In a statement to The Post, the high school student, named Jayden, confirmed the story — and their disappointment.
“I was very shocked and sad even because it was such a good position!” Jayden told The Post in an email. “This wont change how I post because I feel like I’m already too far gone. Hopefully a TV career will take me instead one day haha.”
Older generations have historically approached the internet with caution amid early warnings about their traceable activities online. Gen Z, on the hand, was born well into the internet age. As a result, their online records started essentially from birth, well before they possessed the wherewithal to understand the potential consequences of their digital actions.
More than 7,000 users commented on the video, many of whom were aghast at Jayden’s misfortune — asking how to do a background check on themselves to avoid the same outcome.
“If my future employee ever sees this, please know that i have dreams, thank you,” a panicked user wrote.
“PLEASE I AM NOT MY INTERNET PERSONA,” another wrote.

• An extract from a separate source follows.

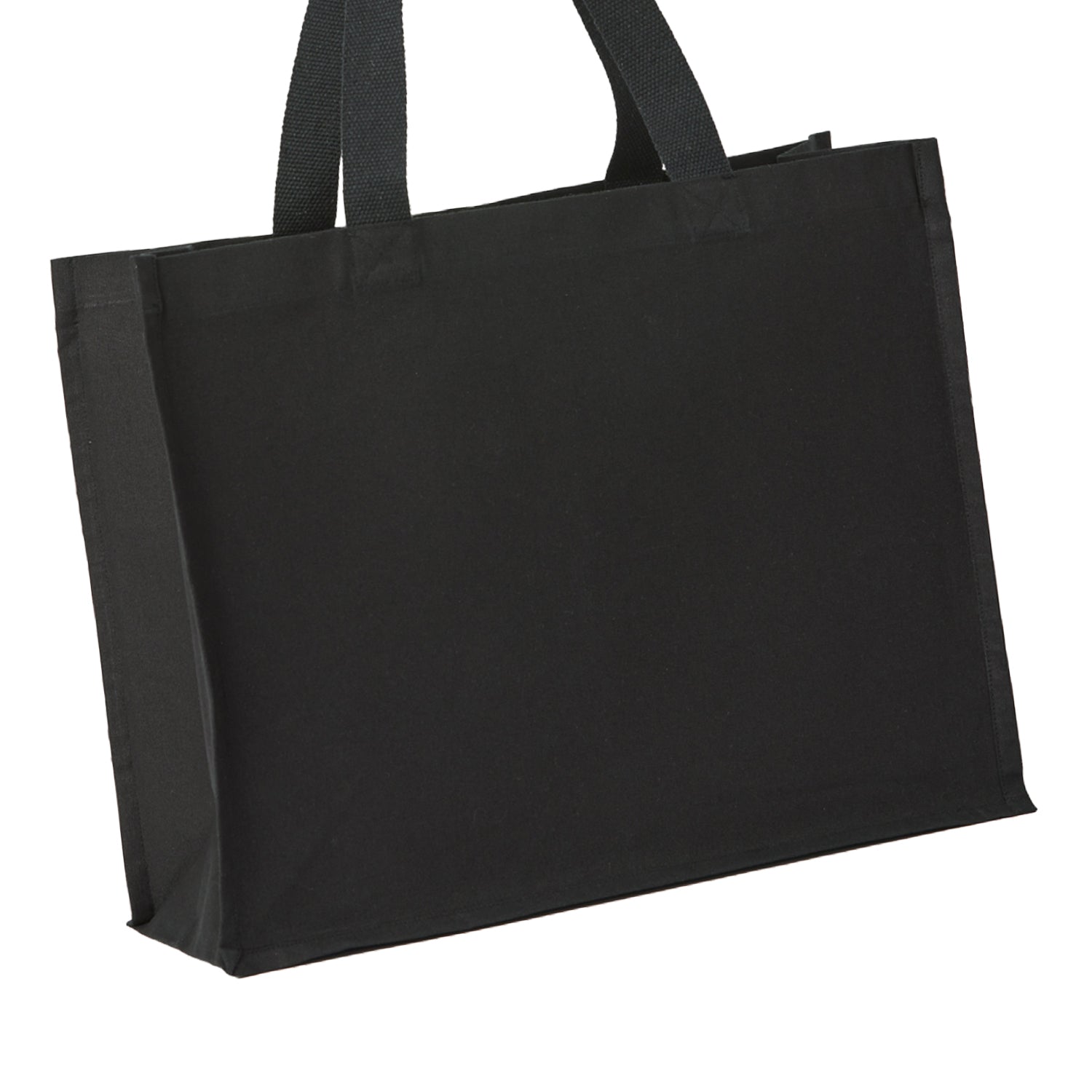 Black - Back - Nutshell Premium Stand-Up Canvas Recycled Shopper Bag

Lucky for them, a cybercrime expert stitched the video with tips on how companies find potential candidates online.
“Here is how a company can find your digital footprint,” Chris Southerland Jr. captioned the 19-second video, which has been viewed 14.1 million times.

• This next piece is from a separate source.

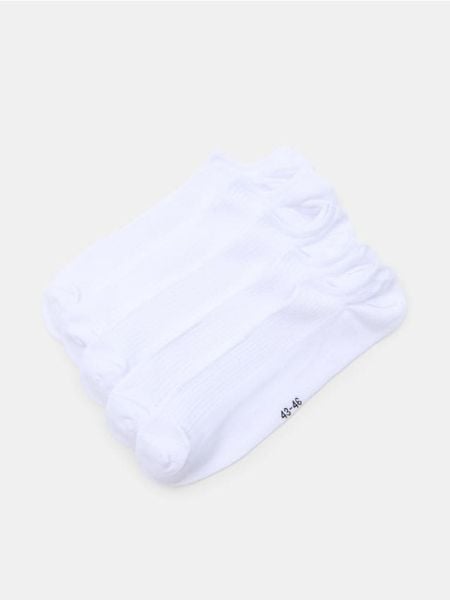 Skarpetki stopki OEKO-TEX 5 pack - biały. Białe skarpety Sinsay, bez wzorów. Za 15.99 zł.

According to Southerland, there are “thousands” of tools companies can use to search your history — depending on the type of job you seek.
“Personally, I am not worried about what I post online whatsoever. If I did want to lock down my online presence, I would use a different real name, username, profile picture, and email for all my different social media accounts,” Southland later told BuzzFeed News.
Fortunately, he also said there are ways to hide some details on the World Wide Web.
“Additionally, I would not attach a phone number to the [social media] account that was on my résumé and make my accounts private,” he continued. “Lastly, make sure when you Google your name, nothing pops up that you do not want found.”